The study, titled The Trade–Industrial Policy Nexus for Chinese Electric Vehicle Investments in Türkiye, argued that while Chinese capital can help expand production capacity, battery facilities, and upstream material processing, the absence of robust policies risks locking the country into a role dependent on imported high-value components and vulnerable to European Union (EU) trade restrictions.
Türkiye’s transport sector is a major contributor to greenhouse gas emissions, accounting for 23.1% of national CO₂ output, the report highlighted. Although more than 10% of new cars sold in 2024 were electric, EVs make up only 1.13% of the total vehicle fleet. High purchase prices, limited charging infrastructure outside western urban centers, and low domestic battery capacity are cited as key barriers to wider adoption.

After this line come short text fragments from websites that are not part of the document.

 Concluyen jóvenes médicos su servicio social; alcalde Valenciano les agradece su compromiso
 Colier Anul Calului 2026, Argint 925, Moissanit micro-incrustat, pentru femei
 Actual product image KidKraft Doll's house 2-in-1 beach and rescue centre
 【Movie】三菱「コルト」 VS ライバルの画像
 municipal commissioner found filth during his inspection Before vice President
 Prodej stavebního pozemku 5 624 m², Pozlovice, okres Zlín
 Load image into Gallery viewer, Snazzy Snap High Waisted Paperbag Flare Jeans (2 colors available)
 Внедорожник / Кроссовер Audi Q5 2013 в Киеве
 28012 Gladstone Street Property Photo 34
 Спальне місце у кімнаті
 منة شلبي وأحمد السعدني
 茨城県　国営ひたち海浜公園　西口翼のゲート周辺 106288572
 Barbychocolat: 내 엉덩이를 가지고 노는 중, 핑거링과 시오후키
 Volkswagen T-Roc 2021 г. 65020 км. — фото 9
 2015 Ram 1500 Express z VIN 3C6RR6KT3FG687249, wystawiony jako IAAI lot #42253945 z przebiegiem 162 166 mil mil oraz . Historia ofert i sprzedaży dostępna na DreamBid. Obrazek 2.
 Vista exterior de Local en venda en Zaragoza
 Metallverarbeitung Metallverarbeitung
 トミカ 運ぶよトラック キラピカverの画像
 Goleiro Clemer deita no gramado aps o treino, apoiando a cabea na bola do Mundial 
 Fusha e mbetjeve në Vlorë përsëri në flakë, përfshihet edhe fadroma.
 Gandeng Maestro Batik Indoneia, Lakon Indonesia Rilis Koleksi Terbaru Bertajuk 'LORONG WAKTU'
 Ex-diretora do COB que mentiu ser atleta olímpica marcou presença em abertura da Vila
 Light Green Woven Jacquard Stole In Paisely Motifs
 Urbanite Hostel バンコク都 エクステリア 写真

To address these gaps, Chinese automakers have stepped up their investments, according to the report. BYD is establishing a $1 billion production facility in Manisa, western Türkiye, with plans to produce 150,000 plug-in hybrid vehicles annually and employ up to 5,000 workers by 2026.
Another Chinese automaker, Chery, has also been mentioned in connection with plans for a factory in Samsun, while lithium battery producer Ganfeng has partnered with Türkiye’s Yigit Aku in a $500 million venture to manufacture lithium-ion batteries. Other brands, including Skywell and MG, have also entered the Turkish market, the report emphasized.
However, the report noted that without structured industrial policies, these projects may replicate the Central and Eastern European experience of the internal combustion engine era, where countries were integrated into global supply chains but captured little technological expertise or domestic value. The heavy reliance on imported batteries, modules, and electronics could limit Türkiye’s role to final assembly, leaving value creation abroad.
Cybersecurity and data protection risks are also underscored in the report, which notes that as vehicles become increasingly software-driven, Türkiye’s weaker safeguards compared with the EU’s stricter data protection framework raise concerns. The report warns that this gap could leave the sector vulnerable unless Chinese investment is accompanied by stronger regulatory oversight.
The report further pointed to risks in Türkiye’s trade relationship with the E.U., its largest automotive export market. While the Customs Union eliminates tariffs on industrial goods, it does not prevent the E.U. from applying trade defense measures such as anti-dumping duties. Current E.U. rules also fail to recognize Turkish inputs as E.U.-origin in value-added calculations, meaning that EVs assembled in Türkiye with Chinese backing could still face restrictions when exported to Europe, it asserted.
To avoid these pitfalls, EDAM recommends a conditional engagement strategy. Investment incentives should be tied to staged localization, moving from module assembly toward full battery cell production, and joint ventures should be prioritized over wholly foreign-owned plants.
The report also called for mandatory local research and development, structured supplier integration programs, and a centralized foreign direct investment (FDI) screening mechanism. At the same time, securing an agreement with Brussels to count Turkish and E.U. content jointly in value-added rules would be essential to guarantee barrier-free access to the European market, it concluded.